** Opening DATASET CONTENT block **

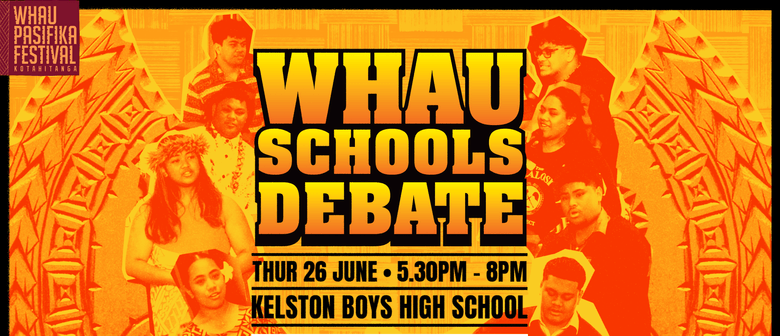 Whau Pasifika Festival: Kotahitanga : Whau Schools Debate
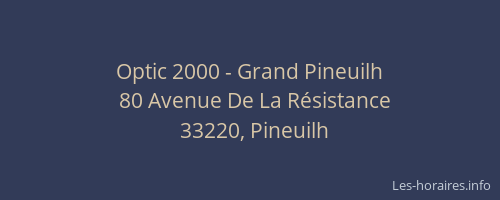 Optic 2000 - Grand Pineuilh
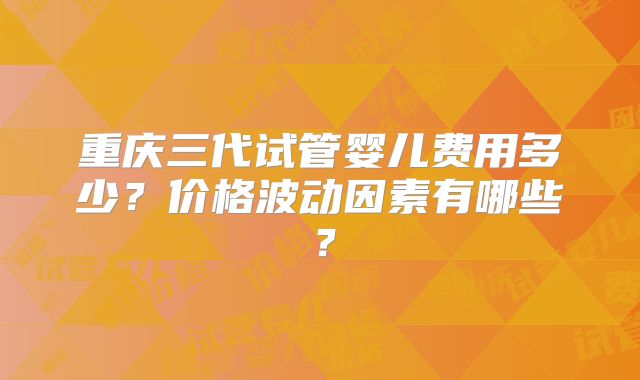 重庆三代试管婴儿费用多少？价格波动因素有哪些？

** Closing DATASET CONTENT block **

#### ABOUT THIS EXERCISE:
All that the answer may contain is the exact text of the lines from the one with "Optic 2000 - Grand Pineuilh" through the last line of the material, pictures excluded.

#### PROBLEM SOLUTION:
 Optic 2000 - Grand Pineuilh
 重庆三代试管婴儿费用多少？价格波动因素有哪些？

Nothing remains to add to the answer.